Azure Databricks identifies two types of workloads subject to different pricing schemes: data engineering (aka automated) and data analytics (aka interactive).

  • Data engineering (aka automated) workloads run on job clusters which the Azure Databricks job scheduler creates for each workload.
  • Data analytics (aka interactive) workloads run on interactive clusters. Interactive workloads typically run commands within an Azure Databricks notebook. However, running a job on an existing cluster is also treated as an interactive workload.
Execution context
The state for a REPL environment for each supported programming language. The languages supported are Python, R, Scala, and SQL.

Model Management

This section describes concepts that you need to know to train machine learning models.

Model
A set of known dimensions that serves as the framework for training machines to make predictions. The initial structure imposed upon a function.
Trained Model
The outcome of the training process. A mathematical mapping from input to output.
Run
A collection of parameters, metrics, and tags related to training a machine learning model.
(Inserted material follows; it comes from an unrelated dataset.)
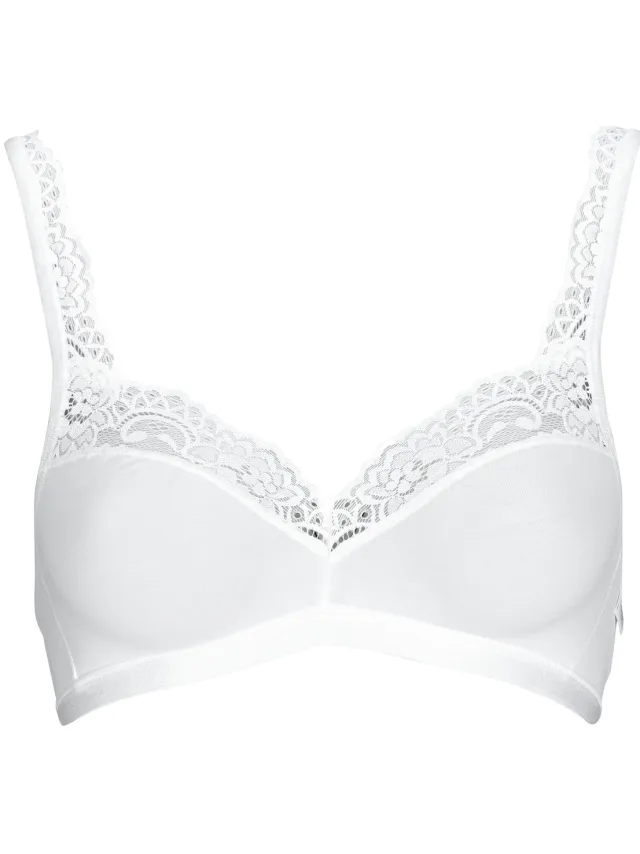 Sloggi SLW ROMANCE SI bralette wit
Authentication and Authorization

This section describes concepts that you need to know when you manage Azure Databricks users and their access to Azure Databricks assets.

User
A unique individual who has access to the system.
Group
A collection of users.
Access control list (ACL)
A list of permissions attached to the Workspace, cluster, job, table, or experiment. An ACL specifies which users or system processes are granted access to the objects, as well as what operations are allowed on the assets. Each entry in a typical ACL specifies a subject and an operation.